Aby Rosen reaches $7m tax settlement
3 May
The New York attorney general, Eric Schneiderman, announced a $7m tax settlement with real estate developer and art collector, Aby Rosen. Schneiderman alleged that Rosen failed to pay taxes on 200 works of art worth $80m, which he commissioned or bought between 2002 and 2015. The collector, whose holdings have included pieces by Basquiat, Hirst and Warhol, had claimed the art was exempt from tax because it was intended for resale. “The recent settlement… relates to an uncertainty as to whether some of Mr Rosen’s transactions were done as a private collector or as a dealer,” said a spokesman for Rosen.
Paintings stolen from Verona museum retrieved
12 May
Seventeen paintings stolen from the Museo di Castelvecchio in Verona last year were retrieved by Ukrainian police on an island near the Moldovan border. The trove, discovered in a forest buried beneath a pile of leaves, includes works by Tintoretto, Mantegna and Rubens and is estimated to be worth between €10m and €15m. In March, Italian police arrested the museum’s security guard, his Moldovan wife and 11 other suspects, ten of them Moldovan.
Brazil’s artists protest against ministry merger
16 May
Brazil’s interim president Michel Temer performed a quick U-turn after protests by Brazil’s artists, actors and musicians at the planned merger of the Ministry of Culture with the Ministry of Education. The cost-cutting measure was announced last month after the Senate suspended President Dilma Rousseff and Temer took temporary charge during the ongoing constitutional crisis.
Divers recover artefacts from Caesarea shipwreck
16 May
The Israel Antiquities Authority announced that two divers had discovered cargo from an ancient ship that crashed 1,600 years ago off the port of Caesarea. The wreckage includes well-preserved bronze lamps, fragments of statues, a figurine of the moon goddess Luna, animal objects and thousands of coins with images of the emperors Constantine and Licinius.

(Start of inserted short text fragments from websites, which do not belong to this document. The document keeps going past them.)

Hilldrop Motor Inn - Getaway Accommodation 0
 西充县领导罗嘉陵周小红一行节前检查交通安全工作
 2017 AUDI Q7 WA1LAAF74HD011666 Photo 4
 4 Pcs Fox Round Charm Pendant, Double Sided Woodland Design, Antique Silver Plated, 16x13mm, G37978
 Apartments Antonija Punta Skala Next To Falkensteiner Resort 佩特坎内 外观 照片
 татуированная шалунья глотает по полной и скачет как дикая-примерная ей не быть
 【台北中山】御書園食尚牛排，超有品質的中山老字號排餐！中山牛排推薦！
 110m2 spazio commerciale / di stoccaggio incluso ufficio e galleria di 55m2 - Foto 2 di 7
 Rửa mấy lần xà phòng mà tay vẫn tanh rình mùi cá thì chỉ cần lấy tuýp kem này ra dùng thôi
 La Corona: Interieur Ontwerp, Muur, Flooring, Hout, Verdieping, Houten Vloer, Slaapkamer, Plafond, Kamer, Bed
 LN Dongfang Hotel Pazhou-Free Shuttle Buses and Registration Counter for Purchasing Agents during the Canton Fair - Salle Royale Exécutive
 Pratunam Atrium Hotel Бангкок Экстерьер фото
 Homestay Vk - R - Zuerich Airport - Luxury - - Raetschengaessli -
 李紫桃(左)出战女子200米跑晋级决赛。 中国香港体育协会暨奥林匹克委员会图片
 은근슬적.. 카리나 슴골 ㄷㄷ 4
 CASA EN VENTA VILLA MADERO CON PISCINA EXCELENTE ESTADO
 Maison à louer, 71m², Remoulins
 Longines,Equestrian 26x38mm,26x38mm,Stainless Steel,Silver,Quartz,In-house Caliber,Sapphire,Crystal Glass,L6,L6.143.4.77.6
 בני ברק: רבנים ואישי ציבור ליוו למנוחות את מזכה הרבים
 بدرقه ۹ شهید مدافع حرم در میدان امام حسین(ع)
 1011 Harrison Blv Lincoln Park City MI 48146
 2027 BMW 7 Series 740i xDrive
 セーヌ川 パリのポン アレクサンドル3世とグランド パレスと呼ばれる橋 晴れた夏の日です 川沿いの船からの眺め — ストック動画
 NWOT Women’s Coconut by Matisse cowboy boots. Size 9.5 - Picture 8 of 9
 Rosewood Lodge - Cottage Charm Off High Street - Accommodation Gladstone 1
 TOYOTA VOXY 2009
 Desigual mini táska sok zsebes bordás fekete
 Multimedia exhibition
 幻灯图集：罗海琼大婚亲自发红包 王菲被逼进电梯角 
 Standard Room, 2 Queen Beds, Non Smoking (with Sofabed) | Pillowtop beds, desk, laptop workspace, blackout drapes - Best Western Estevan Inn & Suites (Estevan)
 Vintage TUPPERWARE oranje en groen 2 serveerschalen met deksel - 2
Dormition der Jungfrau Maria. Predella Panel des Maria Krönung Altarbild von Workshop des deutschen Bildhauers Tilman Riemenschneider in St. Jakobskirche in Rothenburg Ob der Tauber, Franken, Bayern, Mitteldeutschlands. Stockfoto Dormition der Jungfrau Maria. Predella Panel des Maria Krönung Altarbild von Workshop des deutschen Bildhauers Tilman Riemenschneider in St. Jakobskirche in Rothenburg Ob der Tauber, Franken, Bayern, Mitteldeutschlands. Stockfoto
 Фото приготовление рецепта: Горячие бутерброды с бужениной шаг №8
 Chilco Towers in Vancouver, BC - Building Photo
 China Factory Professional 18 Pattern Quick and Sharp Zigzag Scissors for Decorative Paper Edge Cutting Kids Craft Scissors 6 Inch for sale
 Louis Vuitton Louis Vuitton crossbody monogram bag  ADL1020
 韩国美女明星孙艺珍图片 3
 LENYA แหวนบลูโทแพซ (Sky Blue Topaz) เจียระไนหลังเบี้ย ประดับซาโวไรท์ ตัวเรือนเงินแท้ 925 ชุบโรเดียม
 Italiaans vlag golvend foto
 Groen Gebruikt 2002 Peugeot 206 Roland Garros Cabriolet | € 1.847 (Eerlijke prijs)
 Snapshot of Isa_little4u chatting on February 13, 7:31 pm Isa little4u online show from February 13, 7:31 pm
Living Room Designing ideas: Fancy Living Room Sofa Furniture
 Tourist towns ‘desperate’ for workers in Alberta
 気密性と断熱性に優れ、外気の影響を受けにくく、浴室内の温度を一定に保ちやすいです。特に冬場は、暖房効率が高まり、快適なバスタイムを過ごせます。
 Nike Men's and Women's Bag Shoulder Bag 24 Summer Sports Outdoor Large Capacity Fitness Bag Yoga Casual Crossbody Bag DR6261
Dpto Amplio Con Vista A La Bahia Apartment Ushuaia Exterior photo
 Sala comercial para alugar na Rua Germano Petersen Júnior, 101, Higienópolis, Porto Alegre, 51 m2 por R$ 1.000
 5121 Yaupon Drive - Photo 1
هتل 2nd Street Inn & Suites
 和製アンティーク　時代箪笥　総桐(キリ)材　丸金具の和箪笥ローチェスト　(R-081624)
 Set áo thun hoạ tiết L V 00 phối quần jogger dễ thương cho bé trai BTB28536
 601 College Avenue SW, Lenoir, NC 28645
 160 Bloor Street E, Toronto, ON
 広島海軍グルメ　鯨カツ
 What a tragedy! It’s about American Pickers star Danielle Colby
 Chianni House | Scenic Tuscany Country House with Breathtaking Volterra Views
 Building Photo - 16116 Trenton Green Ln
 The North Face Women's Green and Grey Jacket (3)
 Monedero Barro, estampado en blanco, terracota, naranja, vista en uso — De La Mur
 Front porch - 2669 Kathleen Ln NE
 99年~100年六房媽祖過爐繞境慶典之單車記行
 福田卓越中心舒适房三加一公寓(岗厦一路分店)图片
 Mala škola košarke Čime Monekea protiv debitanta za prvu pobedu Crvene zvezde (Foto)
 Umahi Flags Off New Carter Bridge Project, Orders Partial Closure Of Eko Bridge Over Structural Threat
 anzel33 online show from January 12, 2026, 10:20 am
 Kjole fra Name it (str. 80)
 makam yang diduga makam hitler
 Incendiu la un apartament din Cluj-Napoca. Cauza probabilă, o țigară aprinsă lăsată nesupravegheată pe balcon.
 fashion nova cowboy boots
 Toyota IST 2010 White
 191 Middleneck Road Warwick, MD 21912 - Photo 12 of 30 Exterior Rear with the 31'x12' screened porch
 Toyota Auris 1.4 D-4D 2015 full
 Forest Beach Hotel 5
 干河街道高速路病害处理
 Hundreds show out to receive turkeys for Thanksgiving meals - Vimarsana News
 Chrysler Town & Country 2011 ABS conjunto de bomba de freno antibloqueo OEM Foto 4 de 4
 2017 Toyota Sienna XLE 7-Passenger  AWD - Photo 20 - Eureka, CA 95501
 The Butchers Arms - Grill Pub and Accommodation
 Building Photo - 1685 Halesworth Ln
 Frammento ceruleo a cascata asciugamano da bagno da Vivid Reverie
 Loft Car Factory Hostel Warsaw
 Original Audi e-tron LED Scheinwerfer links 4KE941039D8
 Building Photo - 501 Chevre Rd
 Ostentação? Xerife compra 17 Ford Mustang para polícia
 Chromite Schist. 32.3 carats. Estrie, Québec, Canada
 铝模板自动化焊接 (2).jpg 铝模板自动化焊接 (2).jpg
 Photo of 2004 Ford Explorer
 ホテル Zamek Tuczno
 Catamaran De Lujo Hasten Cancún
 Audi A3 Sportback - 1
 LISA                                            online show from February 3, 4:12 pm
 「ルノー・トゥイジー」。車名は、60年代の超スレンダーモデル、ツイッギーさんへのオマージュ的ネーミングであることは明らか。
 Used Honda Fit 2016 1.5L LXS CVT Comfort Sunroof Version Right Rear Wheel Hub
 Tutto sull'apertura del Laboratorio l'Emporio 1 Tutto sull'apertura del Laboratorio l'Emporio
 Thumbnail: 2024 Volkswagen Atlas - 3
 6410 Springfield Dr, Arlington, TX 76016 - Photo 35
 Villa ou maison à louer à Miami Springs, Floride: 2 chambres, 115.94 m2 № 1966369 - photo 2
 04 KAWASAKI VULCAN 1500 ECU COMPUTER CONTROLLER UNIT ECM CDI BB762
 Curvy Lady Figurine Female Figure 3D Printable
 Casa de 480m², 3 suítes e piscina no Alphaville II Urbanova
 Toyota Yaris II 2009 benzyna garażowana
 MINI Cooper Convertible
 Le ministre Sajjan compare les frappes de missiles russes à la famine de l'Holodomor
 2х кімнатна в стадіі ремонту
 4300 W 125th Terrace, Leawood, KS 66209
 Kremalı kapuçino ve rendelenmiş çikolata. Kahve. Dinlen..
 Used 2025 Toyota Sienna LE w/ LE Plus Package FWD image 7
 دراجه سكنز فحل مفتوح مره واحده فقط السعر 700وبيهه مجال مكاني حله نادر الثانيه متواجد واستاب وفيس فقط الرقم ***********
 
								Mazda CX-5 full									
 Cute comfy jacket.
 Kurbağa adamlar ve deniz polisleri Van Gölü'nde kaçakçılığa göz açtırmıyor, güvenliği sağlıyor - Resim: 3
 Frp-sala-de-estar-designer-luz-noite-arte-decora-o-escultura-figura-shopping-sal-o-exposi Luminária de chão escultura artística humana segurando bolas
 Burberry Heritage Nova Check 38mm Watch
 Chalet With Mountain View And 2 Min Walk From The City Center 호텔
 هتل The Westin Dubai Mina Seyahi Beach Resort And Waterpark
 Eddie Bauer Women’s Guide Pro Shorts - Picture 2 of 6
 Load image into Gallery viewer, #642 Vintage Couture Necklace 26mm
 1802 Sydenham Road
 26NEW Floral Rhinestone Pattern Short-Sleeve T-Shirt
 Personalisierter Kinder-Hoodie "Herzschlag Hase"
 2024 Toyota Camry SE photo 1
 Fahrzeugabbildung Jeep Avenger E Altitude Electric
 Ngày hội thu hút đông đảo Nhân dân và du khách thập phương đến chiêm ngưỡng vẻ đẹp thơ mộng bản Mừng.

Russian artist faces charges for Lubyanka fire
19 May
The Russian performance artist Pyotr Pavlensky faces charges for setting fire to a prison door at the Federal Security Service in Lubyanka Square in Moscow. The prison was used for interrogation and torture during Stalin’s reign in the 1930s. The prosecutor claims that the building is a cultural heritage site because “leading figures of science and culture were imprisoned here”. If convicted, the artist faces up to six years in prison.